Friday is usually the idle time in the office. Everyone is in the “Weekend Mode” that we all feel too lazy to work, or feel sleepier than usual (we are usually on the graveyard shift). The most recent Friday, we decided to talk about something (forgot what specifically) and the conversation started going towards thieves. My co-workers shared personal experiences, encounters, or stories with thieves of all kinds.
I was able to share some of my stories, though I never really had anything that happened to me. One story I shared happened to my twin brother who got held up once. He was approached by a group of guys, around 4 of them, and he was forced to go to a 7-11. It was a long walk, and he was not familiar with the place that they went to, so he was not able to ask for help. Inside the 7-11 store was another accomplice of the “holdapers”, as we locally call them, and he asked for his cellphone. Then he left my brother in the store. We were thankful that he was not physically hurt or anything, but the anger was there. My dad and his friends decided to go back to the place and get revenge, although we never saw the group of guys again.
Living in a place where there are a lot of occurrences of crime (and re-occurrence), they asked me if there were something that they can do to at least avoid these things from happening. I am not an expert on this but I did share whatever I usually do to stay away from these events.
- Never use gadgets in a public transportation. Especially if the gadget is expensive. I don’t have expensive gadgets, but I still do not use my cellphone inside a bus, a jeep, nor a train. It just makes me a good target of thieves, especially pickpockets.
- Always be aware of your surroundings. If you are walking on a street (even if it’s really familiar to you), always make sure that you know what the other people are doing. This may seem difficult, but most of the time, being too comfortable with a place makes us vulnerable for attacks. One instance happened to another co-worker, who was mugged in a street a few blocks from her home. If you feel like someone is following you, go to an establishment with a security guard and ask for help (a mall, a convenience store, etc). My teammates also notice that whenever we go somewhere outside the office, my eyes are kinda shifty. I got so used to checking everyone out that I even do it inside a mall or the office.
- Do not place your cards in one wallet/pocket. Most of the time, people tend to put everything in one wallet, that if it gets lost, then their ATM cards, credit cards and the like, would also get lost. I put my cards (if I need to bring one) in separate bag pockets to make sure I would still have a back up in case something happens.
- If possible, do not bring too much money. I often get laughed at when I tell my co-workers that I just brought enough money for the day. I do have an extra amount for emergencies, but I always just bring enough for me to survive the day. I have a decoy wallet too.

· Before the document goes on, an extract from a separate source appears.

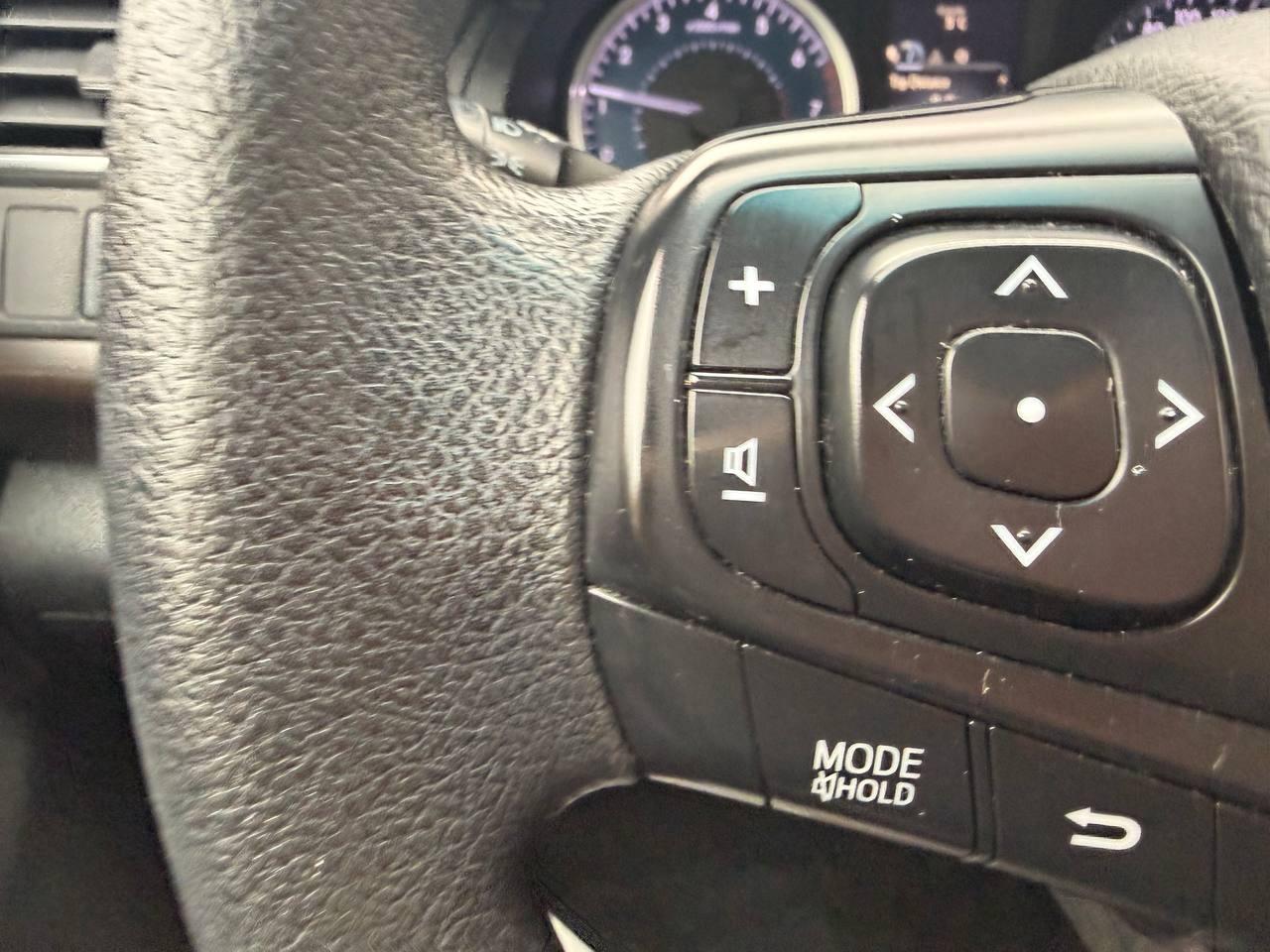 2017 Toyota Camry 4dr Sdn I4 Auto LE Photo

- Always think that the person next to you is a thief. Now this one sounds nasty, but I do it just to be safe. When I ride the bus, I don’t usually sleep throughout the travel, since I always think that someone is going to take advantage of the situation. I don’t have biases when it comes to safety. Even if the person beside you is handsome/pretty or wears a suit, it still pays to be safe. When going off the public vehicle, I always put my backpack in front of me, to avoid anyone going through my bag, especially if there is a lot of people.

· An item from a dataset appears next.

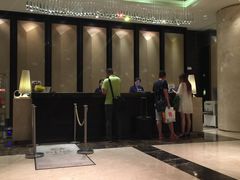 大堂办理入住的前台。-扬州绿地铂骊酒店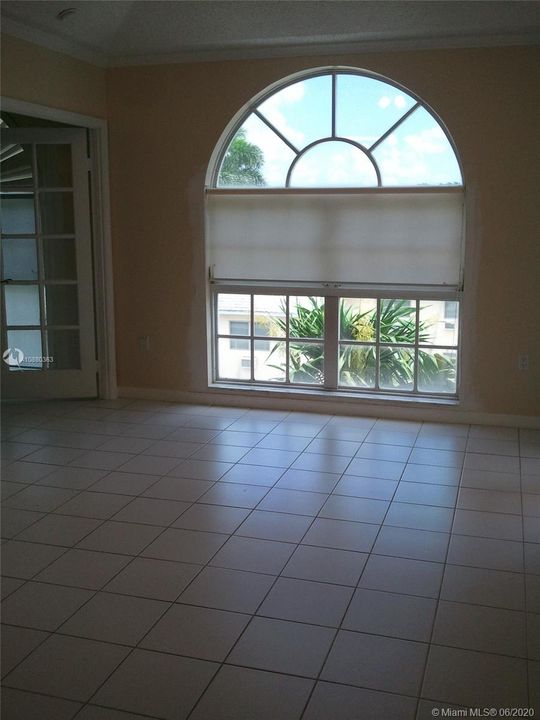 Recientemente alquilado: $2,025 (2 camas, 2 baños, 910 Pies cuadrados)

- Know the tricks of the trade. There are a lot of children begging in the street, and I usually try my best to avoid them or ignore them. Nowadays, it’s a safe bet that these kids are working for a crime group. Even a family asking for help may not be a real family in need.
- Don’t stop for anything unless you are already in a safe place. Some group have this modus to call your attention and take advantage of the time that you are confused to rip your belongings off you. When someone calls your attention (in our place, it’s as simple as “psst”), do not acknowledge it unless you are in a safer place. If you really know this person, chances are he/she will follow you just to tell you that he/she was trying to call you earlier. If it is really important, then he/she would really follow you to the safe location.